Within days of Castor’s news conference announcing Related’s proposal as the winner in 2021, a losing bidder, Tampa-based InVictus Development LLC, filed a formal protest. The company charged that a city selection committee member, Joe Robinson, had fouled the process by moving to throw out minority outreach scores. That action tilted the scales, InVictus said, toward Related.

Robinson, an engineer and longtime resident of West Tampa, signed a consulting contract worth up to $75,000 with the Tampa Housing Authority — a partner in the deal with Related — a month before initiating the move, the Times previously reported.

Robinson is chairperson of the West Tampa Community Redevelopment Area’s citizen advisory committee — the same body Van Warner, development manager for Related, has requested the extra funding from.

An administrative hearing officer later ruled city officials and appointees did nothing illegal in awarding the contract to Related.
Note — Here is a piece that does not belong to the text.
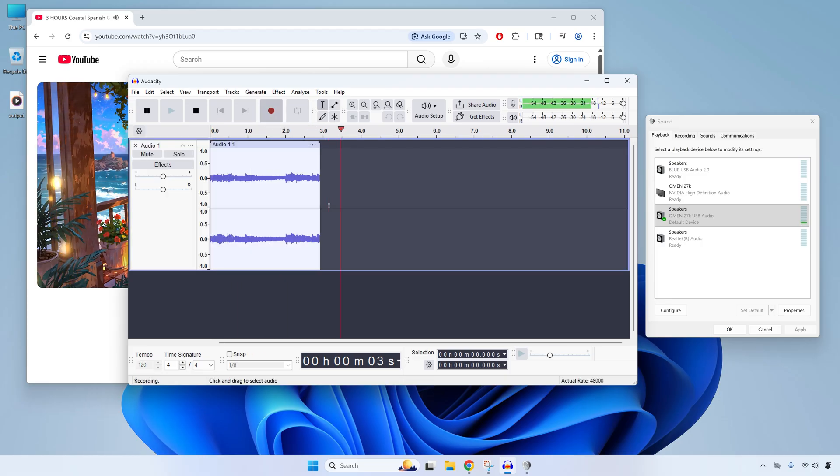So now you can record computer audio on a Windows PC. If this video helped, leave a comment below. Now if you want to record your microphone along with the computer audio, then you'll want to check out this video next. And to learn how to screen record with computer audio, check out this video next. Thanks for watching and I'll see you in the next video.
The officer also dismissed InVictus’ other claim, that the city and Related violated the “cone of silence,” the requirement not to contact non-authorized city employees or attempt to influence the selection before it is announced.
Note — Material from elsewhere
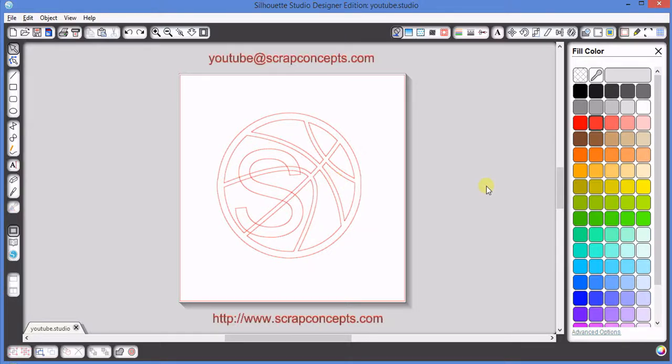Several people have been experiencing issues lately when trying to weld an image similar to the one on the screen, so that the S and the outline of the basketball form one solid cut.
But optics concerns with the pivotal project persisted: Previous Times reporting revealed Mayor Castor’s nephew worked for Related Group when the company secured the contract. And Castor’s partner, Ana Cruz, held a high-level position at Ballard Partners, a powerful lobbying firm that works for Related.
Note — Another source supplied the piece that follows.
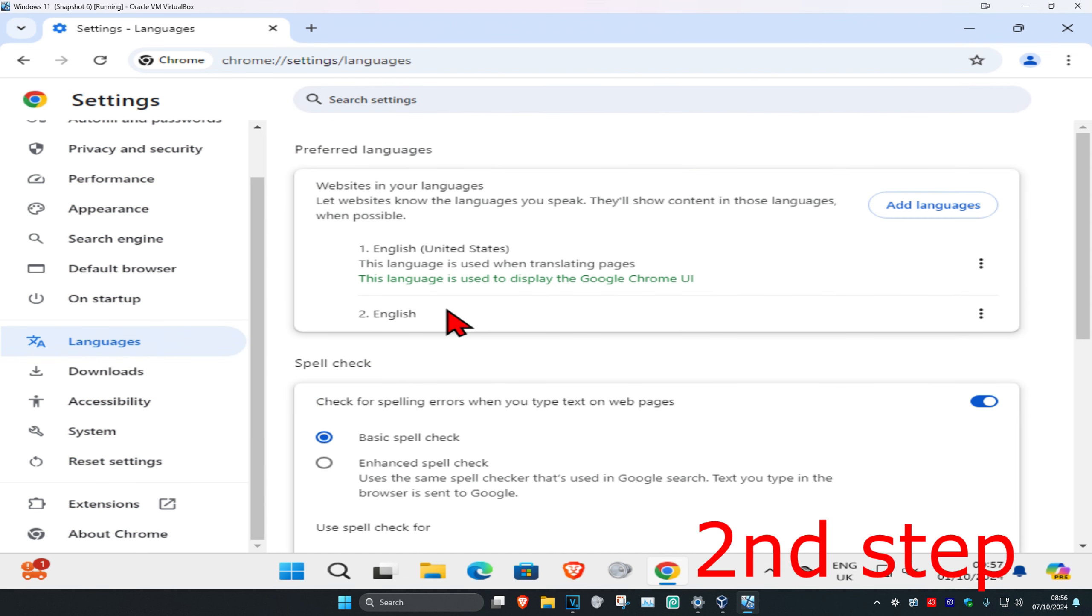And now it's going to show you all the languages that you have currently. The language on the top, so number one, is going to be your main display language.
In previous statements, the city has said Castor wasn’t involved in the selection process and that every contract Ballard has with Tampa states Cruz won’t benefit from or participate in any city work.

Related is already a major player in Tampa’s development boom, playing a leading role in the nearly $350 million remake of Tampa’s West River area, just south of the Rome Yard parcel. Related is also the developer of the Ritz-Carlton Residences on Bayshore.

Located between Rome Avenue and the Hillsborough River, and south of Columbus Drive, the Rome Yard tract is positioned with easy access to downtown, Tampa International Airport, South Tampa and the nearby Riverside and Seminole Heights neighborhoods.

Robinson, the advisory committee chairperson, told the Times Monday that the committee is awaiting guidance on Related’s funding request from the Tampa city attorney’s office.

“First we have to know if it is even something we could do, if it is legal,” he said. “Then we can discuss it and then we’ll vote it up or down.”